The Simon Wiesenthal Centre (SWC), which has its headquarters in Los
Angeles, has spent thousands of pounds on the double page adverts in
Austrian papers in what it claims is a last-ditch attempt to track down
Nazi criminals who have gone unpunished.
But while Austrian politicians and key figures have publicly praised the
scheme, in café houses and beer gardens across the country it has been
treated as either a joke and an insult.
In the main shopping street, Christina Hanke said: "Everyone is
getting fed
up with hearing about this sort of thing; when's it going to end? What
happened was terrible, but I had nothing to do with it, and neither did my
parents. There has to be a time to put it behind us - it can't go on
forever."
Further down the street businessman Wolfgang Ritter said: "I can't
take the
adverts seriously.
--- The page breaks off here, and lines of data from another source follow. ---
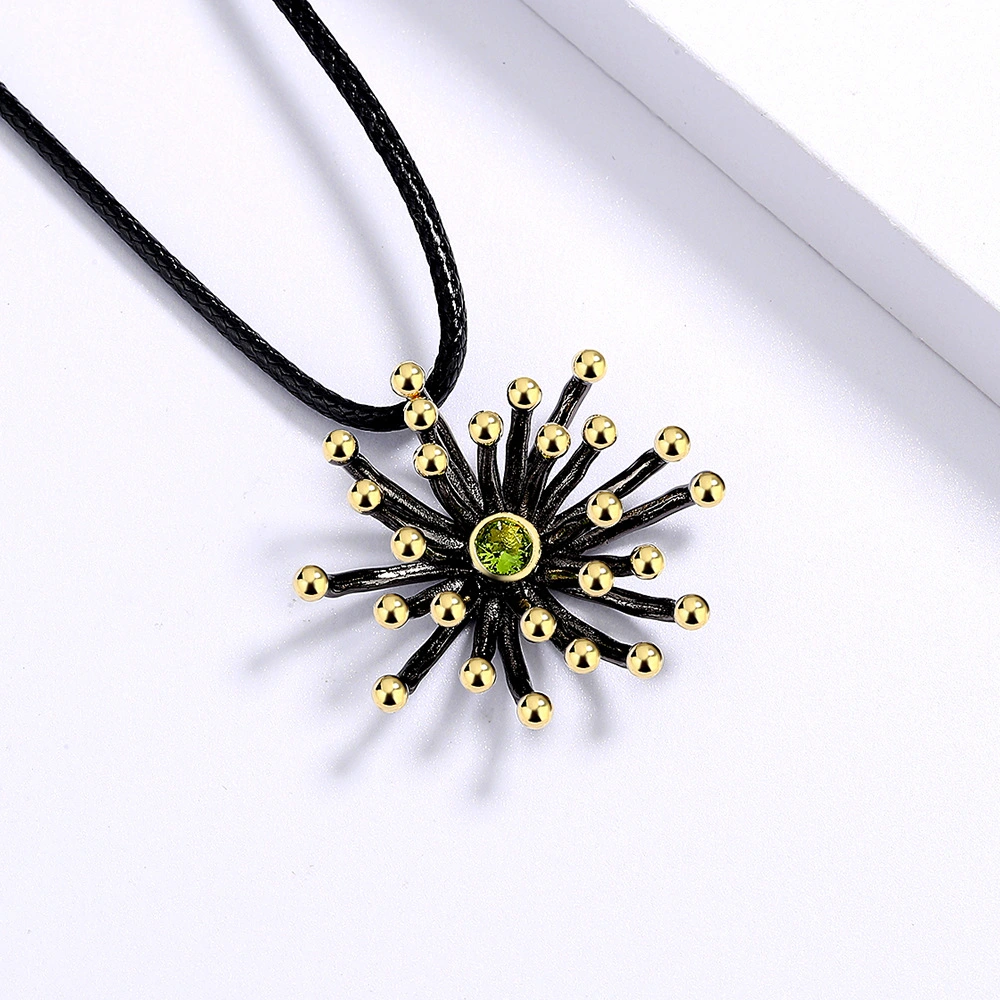 Ethnic Style Flower Heart Black Gold Two-tone Necklace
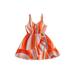 Gwiyeopda Baby Kids Girlâ€™s Slip Dress Sleeveless Striped Ruffled A-line Dress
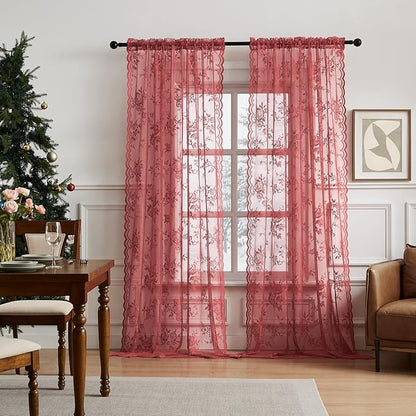 Coral Lace Curtains 54 Inch Length 2 Panels - Image 2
What is the chance that someone is going to see them
and
think, 'What a good idea, I'll give them a call and tell them to arrest
old
Fritz next door.' It isn't going to happen."
Even in the Jewish community there are voices of disquiet about how still
seeking to right the wrongs of the past could be causing problems for the
future.
One Rabbi, who asked not to be named, admitted: "People ask me how we
in
the Jewish community can loudly demand the wrongs of the Holocaust be
addressed yet keep silent on other more recent incidents like the genocide
in Rwanda. I have to say they have a point."
The adverts have the express aim of bringing to justice
"concentration camp
guards, Gestapo henchmen and mass murderers" before it is "too
late".
Headlined 'The murderers are among us' the black and white advert is
illustrated with a photo of a Nazi execution. Beneath the picture is the
caption: "Most Nazi murderers remain unchallenged - also in
Austria."
The organisation has also offered a £7,000 reward for information leading
to the arrest and conviction of former Nazis.
Dr Efraim Zuroff, director of the SWC's office in Jerusalem, rejected the
criticism. He said: "This really is the last chance for Austria,
which has
not convicted a Nazi war criminal in more than a quarter of a century, to
finally take legal action against Austrian Nazi murderers while justice
can
still be done."
Austrian minister for justice, Dieter Boehmdorfer from the far-Right
Freedom Party, also backed the campaign but said he did not expect any
results from Operation: Last Chance before the middle of next year.
Boehmdorfer was presented with a list containing the names of at least 47
suspected Nazi war criminals by Dr Zuroff in September and two police
battalions have been drafted in to look at the matter.
However, in a further farcical twist, officials admitted they did not even
known whether all 47 people were still alive or even living in Austria.
The campaign backers said a similar campaign further east in Lithuania,
Latvia and Estonia had led to the names of around 253 suspected Nazis
being
submitted. But no prosecutions have yet resulted.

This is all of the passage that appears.